R codes and their outputs used for: Evolution of realised niche breadth diversity driven by community dynamics

Why many herbivorous insects are host-plant specialists, with non-negligible exceptions, is a conundrum of evolutionary biology, especially because the host plants are not necessarily optimal larval diets. Here, I present a novel model of host-plant preference evolution of two insect species. Because habitat preference evolution is contingent upon demographic dynamics, I integrate the evolutionary framework with the modern coexistence theory. The results show that the two insect species can evolve into a habitat specialist and generalist when they experience both negative and positive frequency-dependent community dynamics. This happens because the joint action of positive and negative frequency dependence creates multiple (up to nine) eco-evolutionary equilibria. Furthermore, initial condition dependence due to positive frequency dependence allows specialization to poor habitats. Thus, evolved habitat preferences do not necessarily correlate with the performances. The model provides explanations for counterintuitive empirical patterns and mechanistic interpretations for phenomenological models of niche breadth evolution. Methods Individual based (i.e., stochastic) model of eco-evolutionary dynamics. The simulations were run on a 32-cored Win machine. Memory capacity of 32 GB will be sufficient.

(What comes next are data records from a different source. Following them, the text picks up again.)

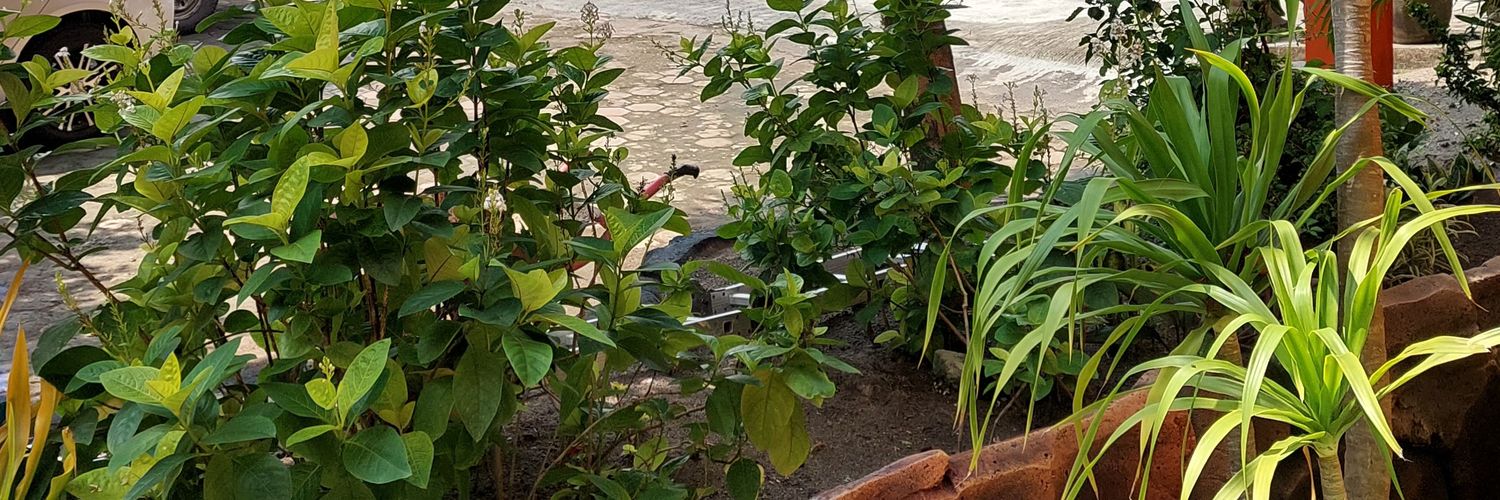 cakepucino's profile banner image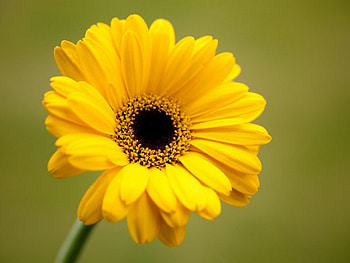 Yellow flower, blooms, petals, yellow, flower HD wallpaper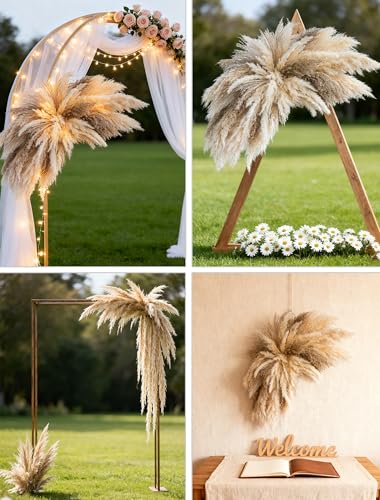 DIY Boho Dried Pampas Grass Wall Decor Kit for Home and Wedding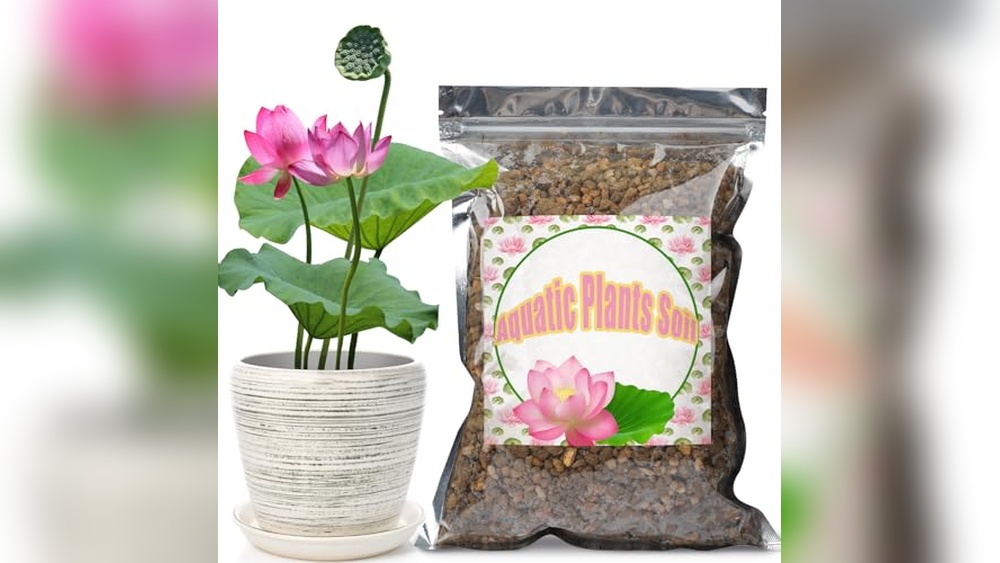 Best Soil for Lotus Plants 2026: Top Picks for Healthy Growth
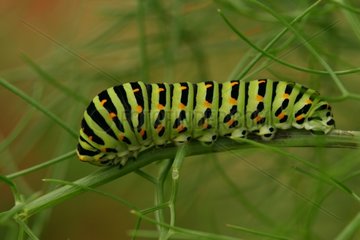 Old World Swallowtail caterpillar moving on stalks Sieuras
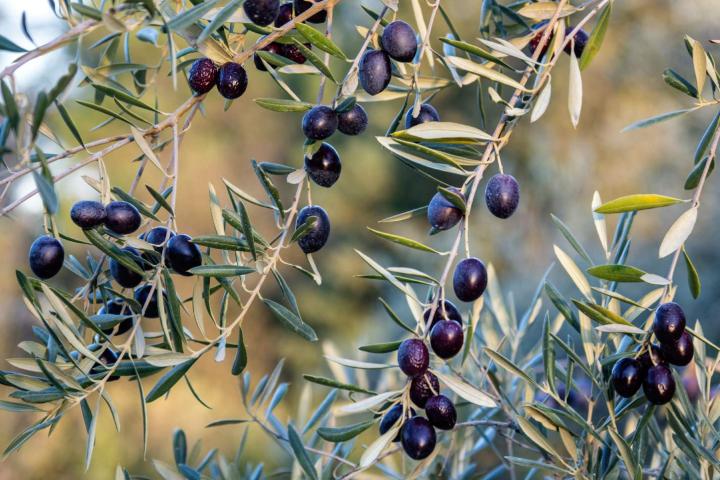 Olivas negras de un olivo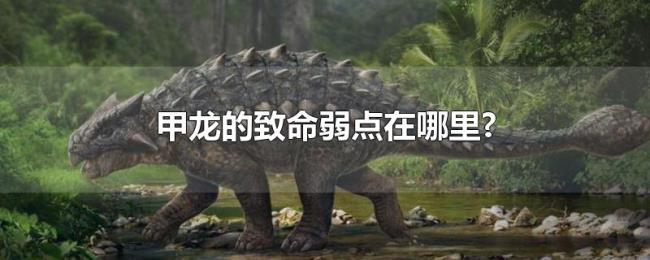 甲龙的致命弱点在哪里? 甲龙的致命弱点在哪里?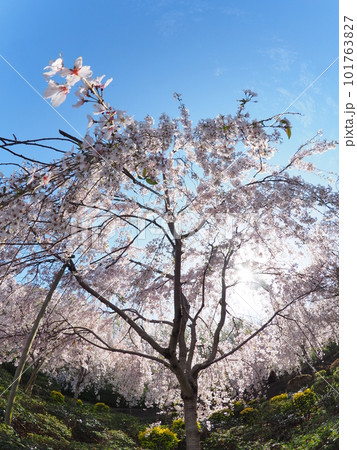 徳島県鳴門市花見山の桜 徳島県鳴門市花見山の桜 101763827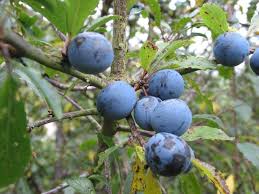 We did not find results for: Blackthorn Prunus Spinosa How To Identify A Guide From Tcv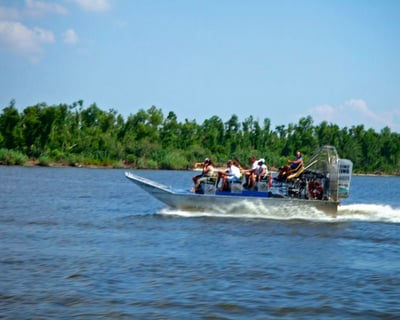 1.5-Hour New Orleans Airboat Swamp Tour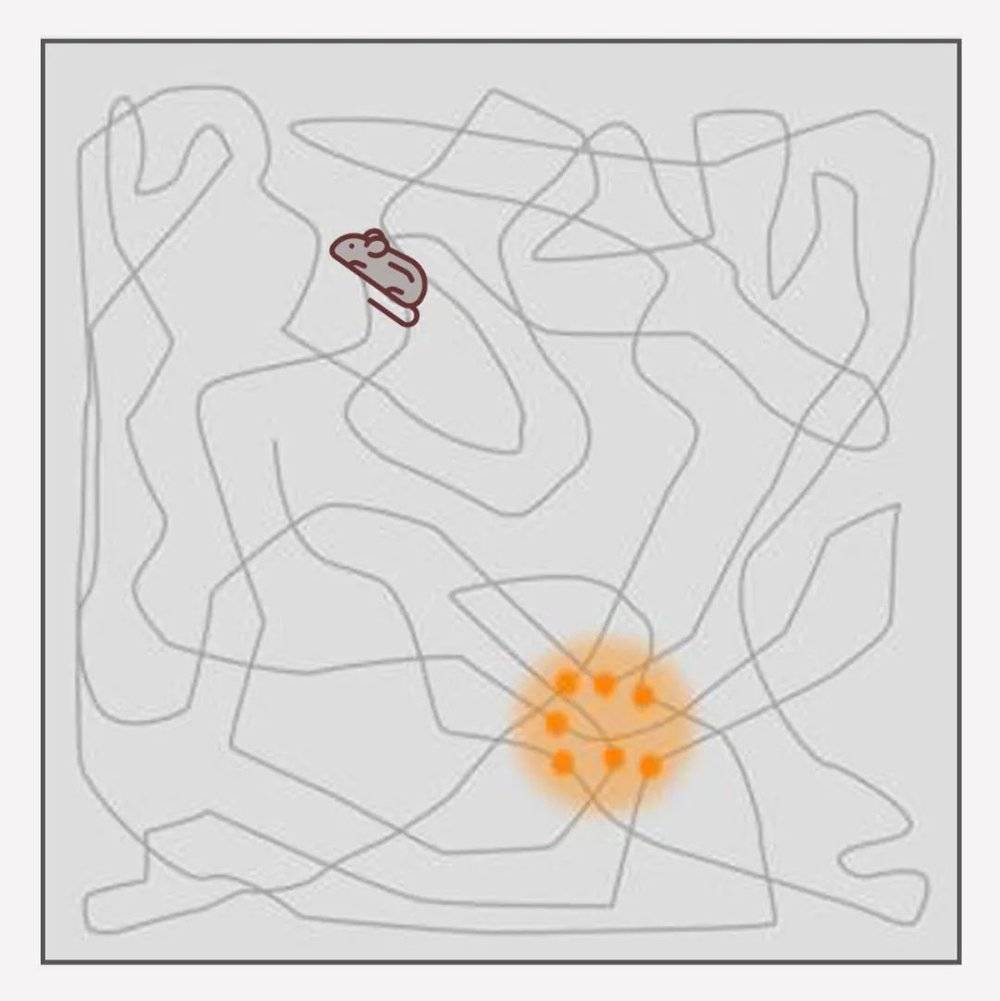 人类大脑导航,人类大脑的思维信号可以捕捉到吗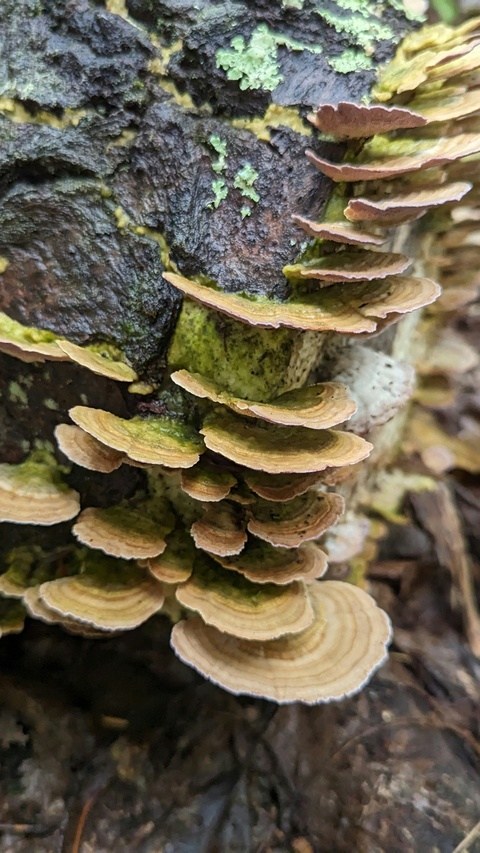 Turkey Tail Fungi on Tree Trunk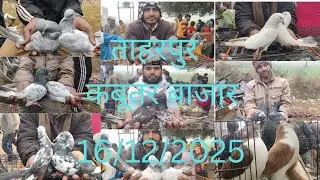 #sambhal#👌👌🕊️#tharpur kabutar bajar Moradabad road 🛣️ o top quality ke tarpur ki bajar mein Mora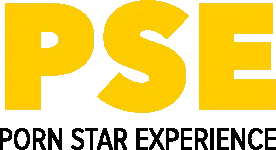PSE Porn Star Experience logo
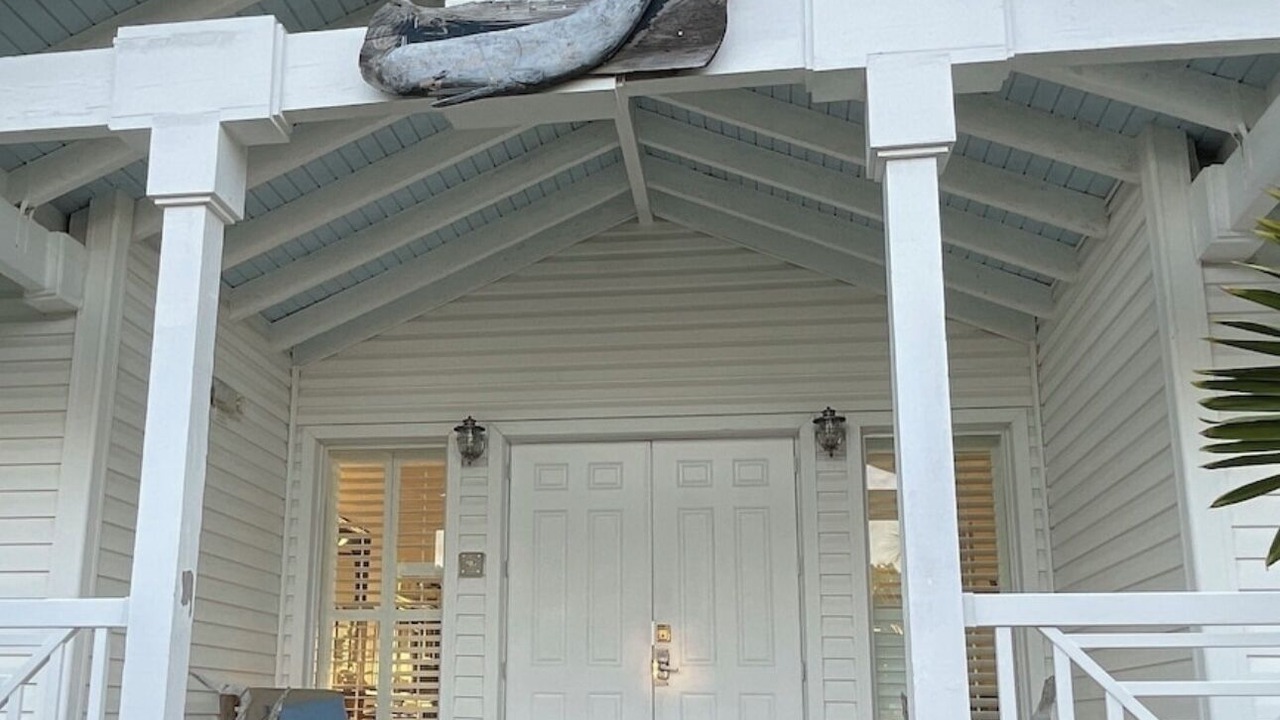 Photo of Outdoor in Alice Town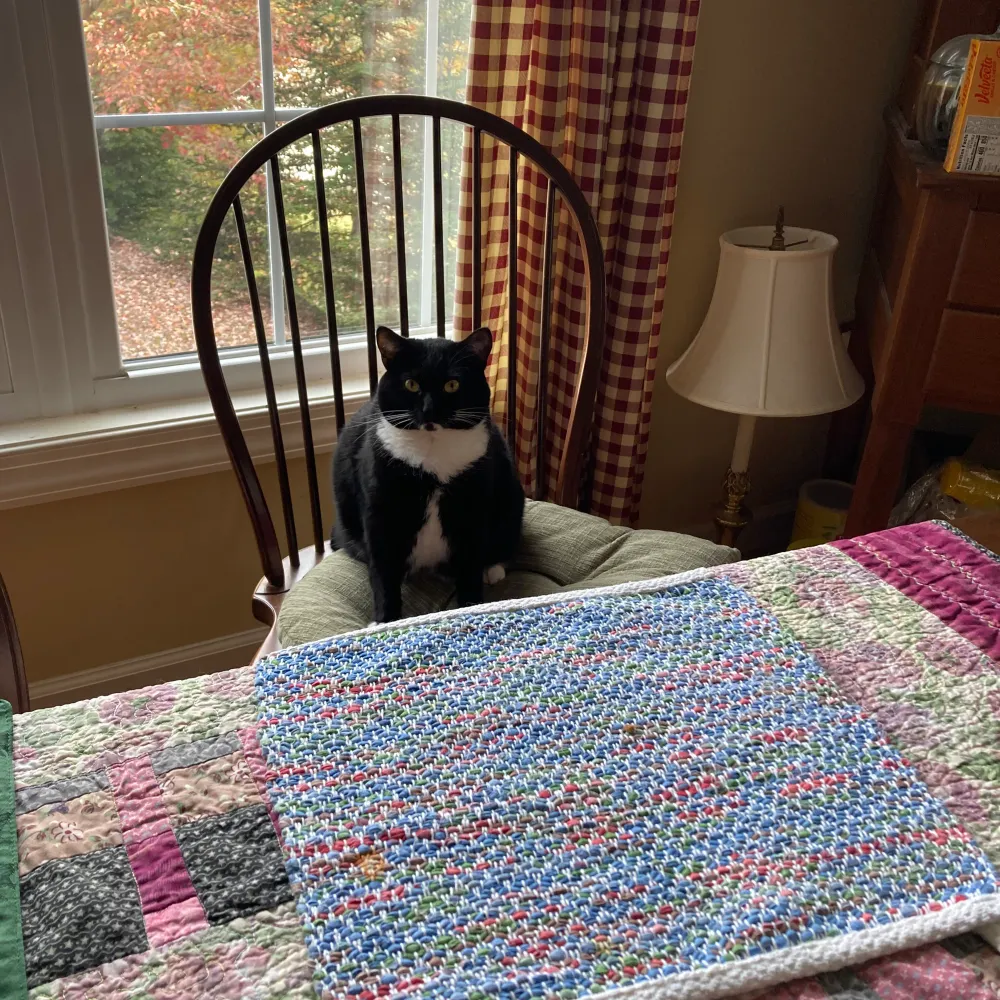 mikedavis.bsky.social's profile picture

为何多数植食性昆虫均为寄主植物专性类群，却又存在诸多不容忽视的特例，这一直是进化生物学领域的一大未解难题——尤其值得注意的是，寄主植物未必是幼虫的最优食谱。本文针对两种昆虫的寄主偏好进化过程，提出了一种全新的理论模型。由于生境偏好的进化过程依赖于种群动态，因此本文将进化理论框架与现代共存理论相结合。研究结果显示：当两种昆虫同时受到负频率依赖与正频率依赖的群落动态作用时，它们可分别进化为生境专性物种与广适性物种。这一现象的成因在于，正、负频率依赖的共同作用可产生多达9种生态-进化均衡点。此外，由正频率依赖所带来的初始条件依赖性，可使物种特化于贫瘠生境。由此可见，进化形成的生境偏好未必与物种的适合度表现相关联。本模型既为诸多反直觉的经验研究模式提供了理论解释，也为生态位宽度进化的现象学模型提供了机理性阐释。 研究方法 本文采用基于个体的（即随机）生态-进化动态模型。模拟程序运行于一台32核Windows工作站，32 GB的内存容量即可满足需求。